LUCI E OMBRE SU NAPOLEONE
L’affascinante gioco di rimandi continua nella parte intitolata “Canova nella storia”. Vi si incontra in primo luogo lui, Napoleone Bonaparte (il bel ritratto è di François Gérard), che ebbe un ruolo cruciale nella fortuna di Canova, nonostante lo scultore si dimostrasse spesso riluttante ad accettarne le committenze e ne contestasse sia le mire imperialistiche sia le gravi spoliazioni di opere d’arte italiane. L’artista si recò dal futuro imperatore già nel 1802: qualche anno dopo inviò a Parigi la grande scultura Napoleone come Marte pacificatore, che peraltro non fu particolarmente apprezzata. Canova fu chiamato di nuovo nella capitale francese nel 1810: ci si recò, ma rifiutò di risiedere a corte, rifiutò la Legion d’Onore e accettò invece le richieste di alcuni tra i più ferventi oppositori del regime. In mostra fanno capolino le effigi di numerosi esponenti dell’entourage napoleonico: con l’imperatrice Joséphine de Beauharnais, Canova instaurò un rapporto affettuoso e la sovrana, tra le altre opere, gli commissionò le celebri Grazie. Un ultimo viaggio a Parigi si data al 1815, dopo Waterloo: con non poche difficoltà riuscì a riportare in patria molte delle opere sottratte dai francesi – un aspetto poco noto, ma che completa il profilo di un uomo che non fu solo scultore.
Un’ultima nota. A Bassano manca qualcosa: dall’Ermitage di San Pietroburgo dovevano giungere alcuni importantissimi marmi, mentre dal Museo Nazionale di Kiev era stato concesso il prestito della Pace. “Allo scoppio del conflitto russo-ucraino, la rinuncia a tali prestiti è stata inevitabile e convinta. La speranza e l’augurio di tutti è che le opere di Canova dalla Russia e dall’Ucraina possano essere esposte nuovamente assieme, a testimonianza di nuovi tempi di serenità, di pace e di dialogo”, dichiarano con sincera partecipazione i curatori.

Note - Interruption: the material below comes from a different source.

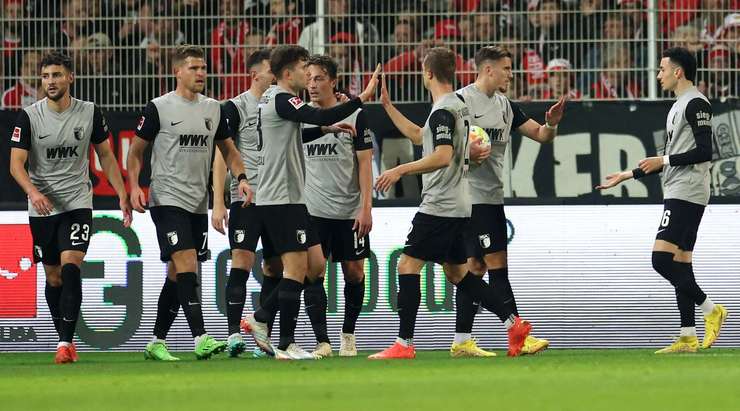 Vào! Florian Niederlechner (Augsburg) chớp cơ hội sau một tình huống bóng bật ra trong vòng cấm và đánh bại thủ môn với một cú sút vào góc thấp bên phải. Tỉ số đã được nâng lên: 1:1.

CANOVA DA SCULTORE UFFICIALE A “IMBALLATORE”
“Sono stato delle notti senza dormire, e dei giorni molti senza desinare, e sempre, sempre all’estremo convulso”: ma da cosa fu causato tal drammatico stato di Antonio Canova? Lo scultore nel 1815 fu nominato Commissario straordinario da papa Pio VII e incaricato di una missione assai delicata: doveva recarsi a Parigi per convincere i francesi a restituire il bottino di opere d’arte illecitamente accumulato durante le guerre napoleoniche e ospitato in gran parte nell’allora Musée Napoléon (oggi Louvre). L’impresa non fu semplice: Canova incontrò l’ostilità di Luigi XVIII e di molta parte dei francesi, che cominciarono a chiamarlo “l’imballatore” e solo grazie all’appoggio degli inglesi lo scultore/commissario riuscì a far tornare in patria 249 opere (su 506) caricandole su 41 carri trainati da 200 cavalli. Tra queste a Bassano sono esposti una straordinaria Deposizione di Paolo Veronese, il gesso del Laocoonte dai Musei Vaticani, La Fortuna di Guido Reni, ma il prezioso carico trasportava pure l’Apollo del Belvedere, la Deposizione di Caravaggio e centinaia di altri capolavori.